- WHAT YOU ARE ASKED TO DO:
When you copy from the entries that follow, take only the lines from the one with "Clare Free on acoustic guitar" down to the one with "Liman Manila, Filipinler.", keeping both ends and dropping every picture.

- INFORMATION GIVEN:

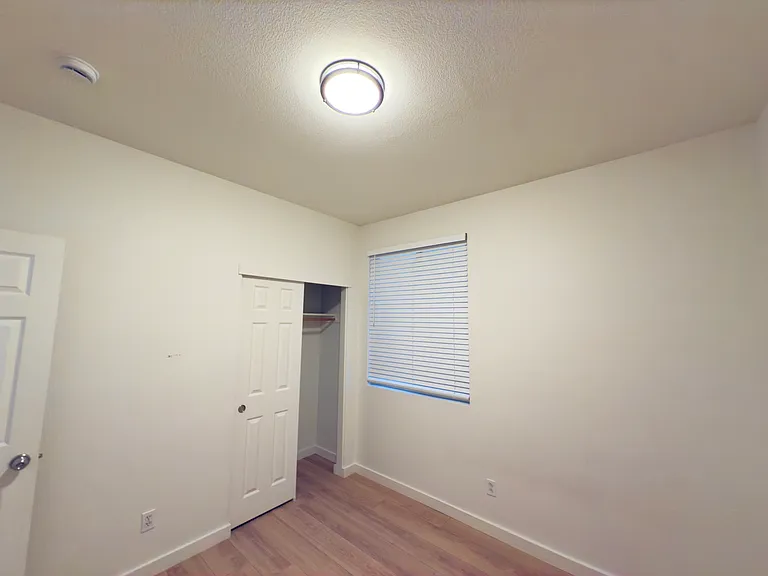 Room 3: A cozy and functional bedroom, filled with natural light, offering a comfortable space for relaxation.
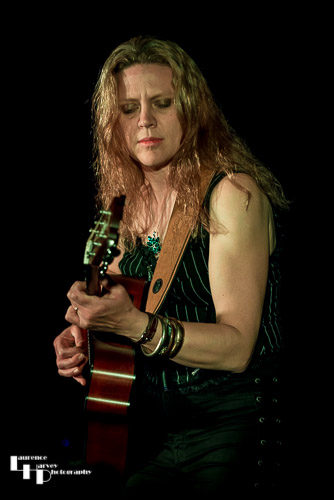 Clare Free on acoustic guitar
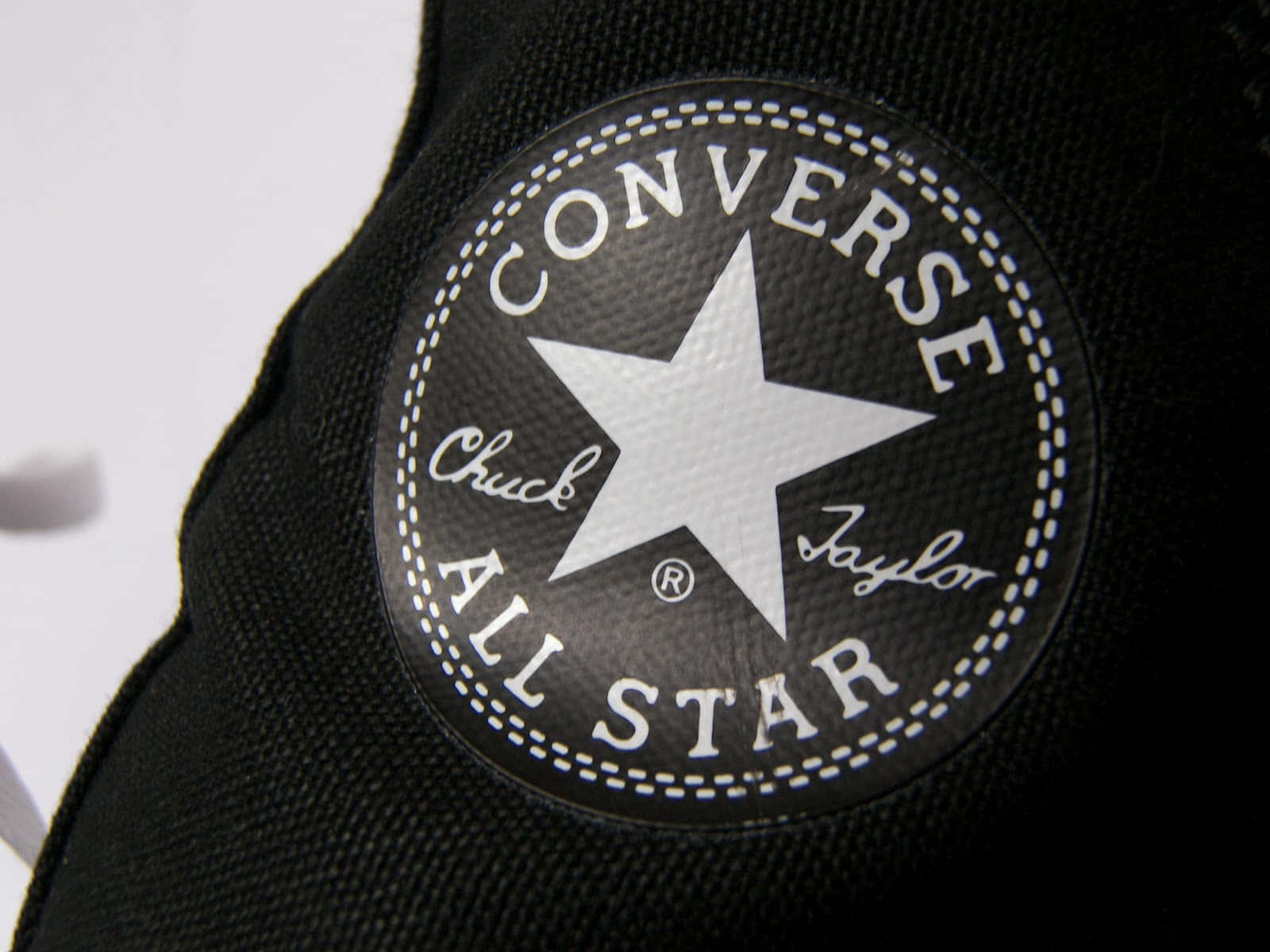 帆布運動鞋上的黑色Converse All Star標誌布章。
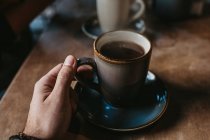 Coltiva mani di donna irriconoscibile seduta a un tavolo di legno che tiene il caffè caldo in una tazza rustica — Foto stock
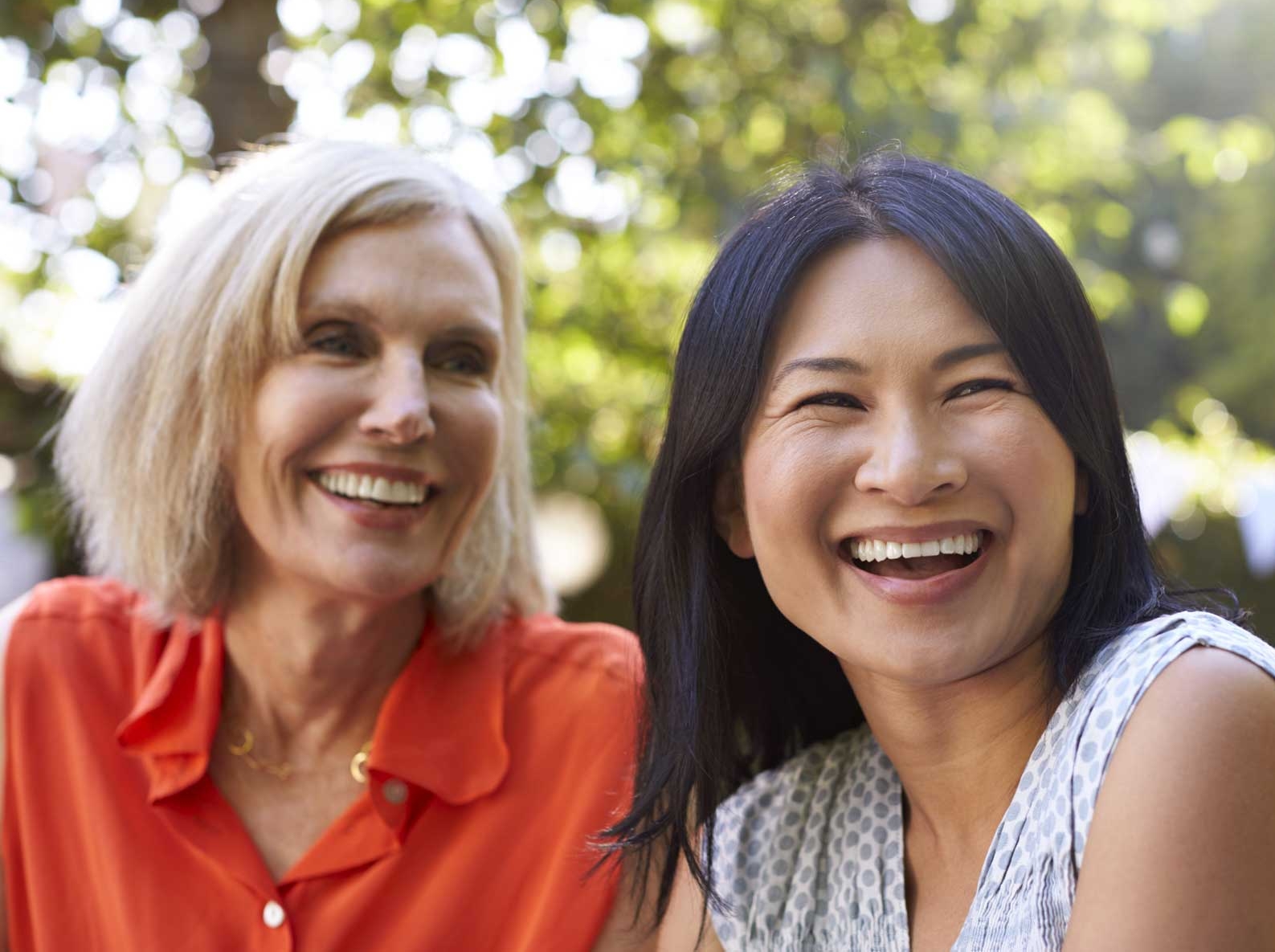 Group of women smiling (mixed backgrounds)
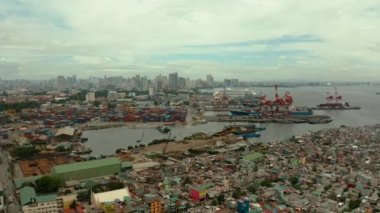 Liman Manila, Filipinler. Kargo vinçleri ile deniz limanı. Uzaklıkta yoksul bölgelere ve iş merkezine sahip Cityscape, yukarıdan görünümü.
==
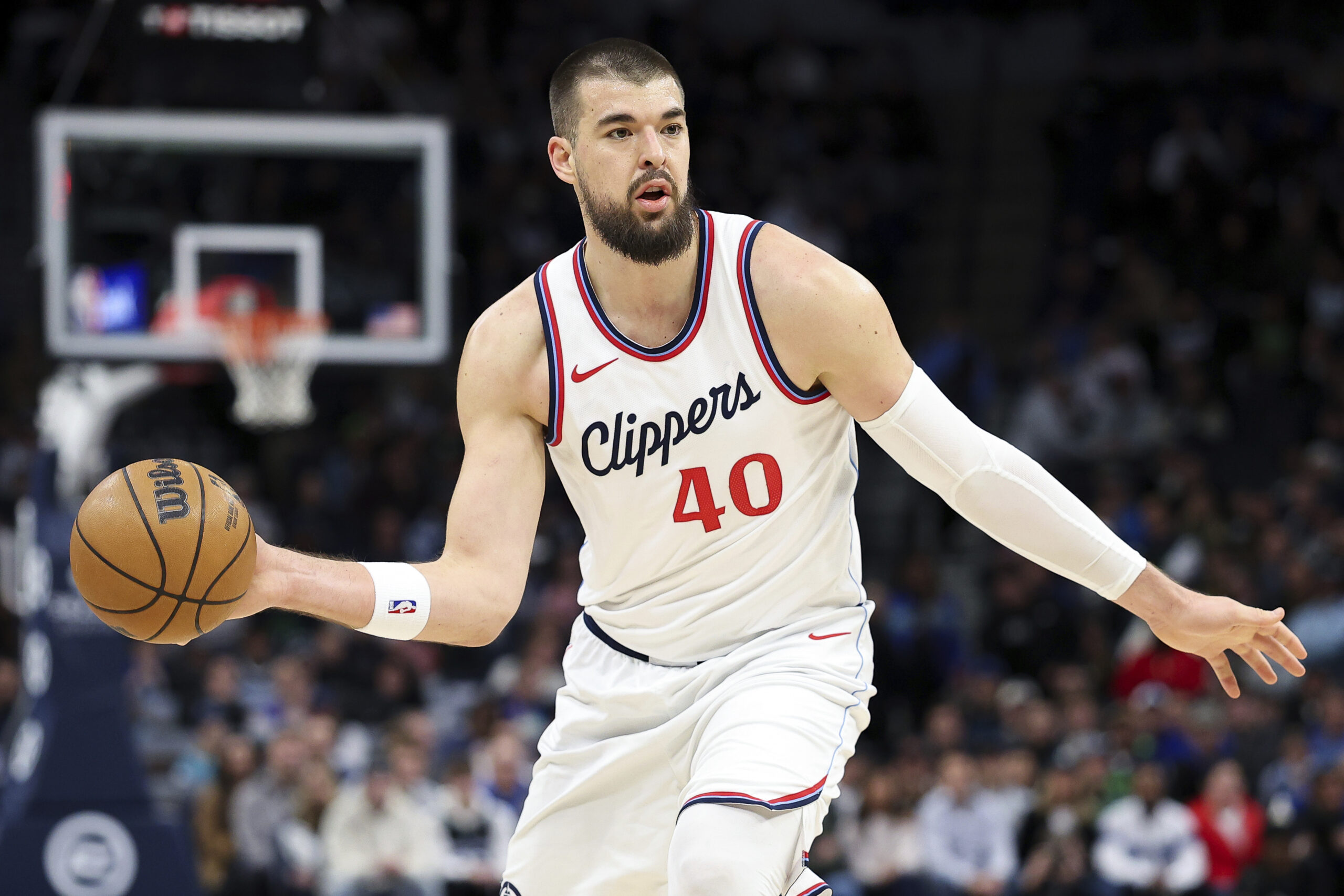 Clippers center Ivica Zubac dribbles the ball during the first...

- OUTPUT OF THE TASK:
 Clare Free on acoustic guitar
 帆布運動鞋上的黑色Converse All Star標誌布章。
 Coltiva mani di donna irriconoscibile seduta a un tavolo di legno che tiene il caffè caldo in una tazza rustica — Foto stock
 Group of women smiling (mixed backgrounds)
 Liman Manila, Filipinler. Kargo vinçleri ile deniz limanı. Uzaklıkta yoksul bölgelere ve iş merkezine sahip Cityscape, yukarıdan görünümü.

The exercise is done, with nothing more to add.